## [What needs to be done]
Only lines that contain the word "very" are to be returned from the data below.

## [Supplied data]

Content starts

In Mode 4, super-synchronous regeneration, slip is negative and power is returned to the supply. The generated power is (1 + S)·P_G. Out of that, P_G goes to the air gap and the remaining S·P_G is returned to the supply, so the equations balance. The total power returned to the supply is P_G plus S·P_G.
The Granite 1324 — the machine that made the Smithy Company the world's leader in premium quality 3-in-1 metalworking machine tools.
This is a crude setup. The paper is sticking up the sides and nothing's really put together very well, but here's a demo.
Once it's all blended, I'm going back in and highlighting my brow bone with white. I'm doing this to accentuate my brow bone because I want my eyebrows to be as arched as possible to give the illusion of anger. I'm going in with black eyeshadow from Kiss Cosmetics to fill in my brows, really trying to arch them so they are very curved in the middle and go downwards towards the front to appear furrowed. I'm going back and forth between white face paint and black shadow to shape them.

Content ends
Content starts

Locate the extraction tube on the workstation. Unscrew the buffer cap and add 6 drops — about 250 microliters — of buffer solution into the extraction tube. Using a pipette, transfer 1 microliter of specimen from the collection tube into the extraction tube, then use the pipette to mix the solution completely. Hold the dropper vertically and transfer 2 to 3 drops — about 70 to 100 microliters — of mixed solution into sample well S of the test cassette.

Content ends
Content starts

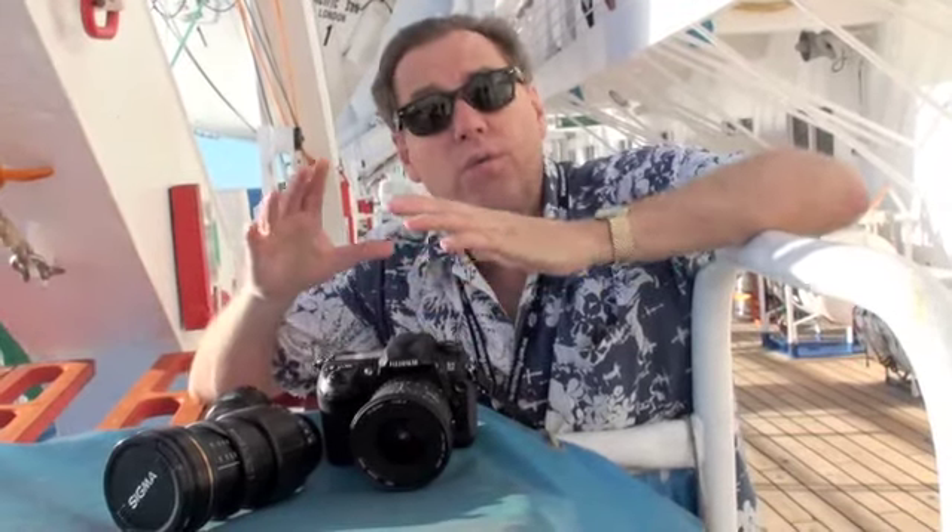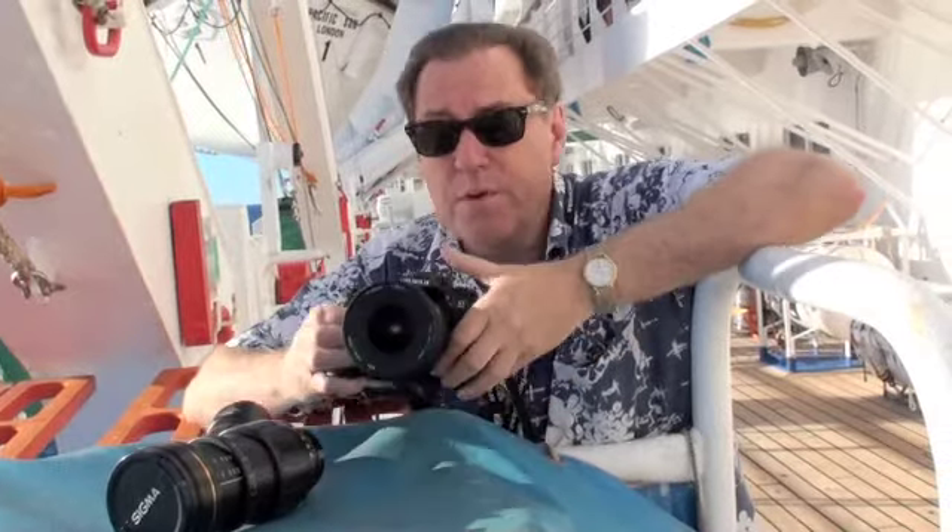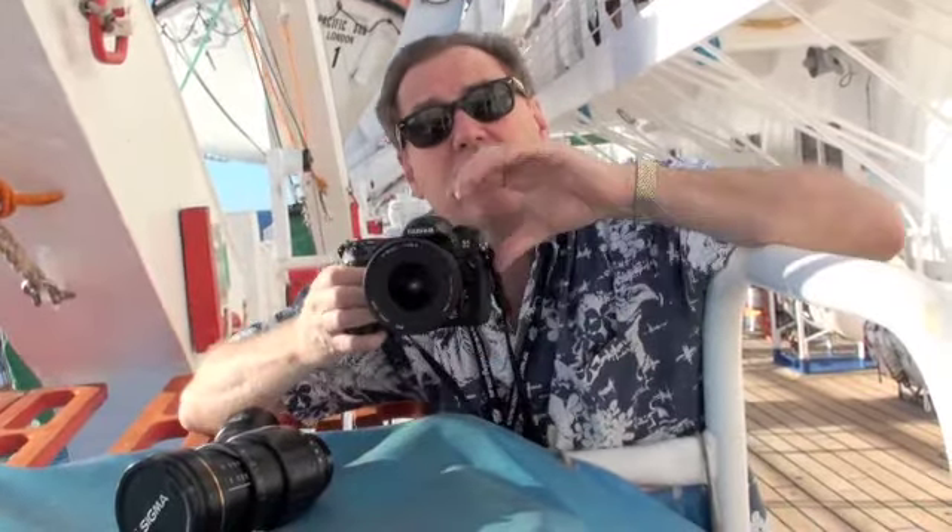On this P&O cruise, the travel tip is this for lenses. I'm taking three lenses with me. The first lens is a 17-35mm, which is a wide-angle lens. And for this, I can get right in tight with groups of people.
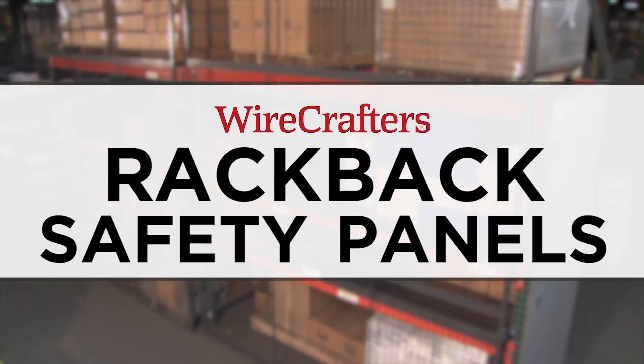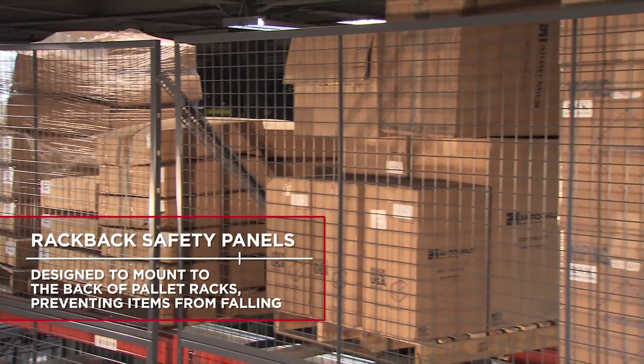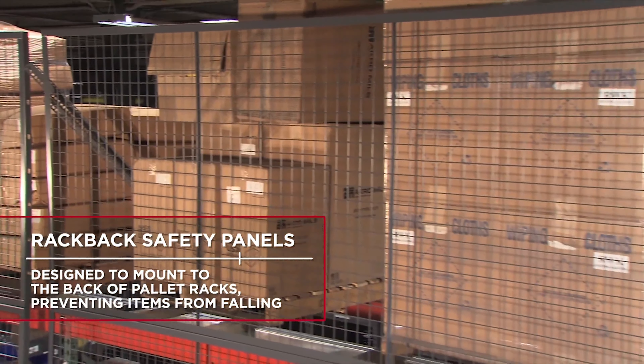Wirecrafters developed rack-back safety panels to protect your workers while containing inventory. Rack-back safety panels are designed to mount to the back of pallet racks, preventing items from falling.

Content ends

## [Output of the exercise]
This is a crude setup. The paper is sticking up the sides and nothing's really put together very well, but here's a demo.
Once it's all blended, I'm going back in and highlighting my brow bone with white. I'm doing this to accentuate my brow bone because I want my eyebrows to be as arched as possible to give the illusion of anger. I'm going in with black eyeshadow from Kiss Cosmetics to fill in my brows, really trying to arch them so they are very curved in the middle and go downwards towards the front to appear furrowed. I'm going back and forth between white face paint and black shadow to shape them.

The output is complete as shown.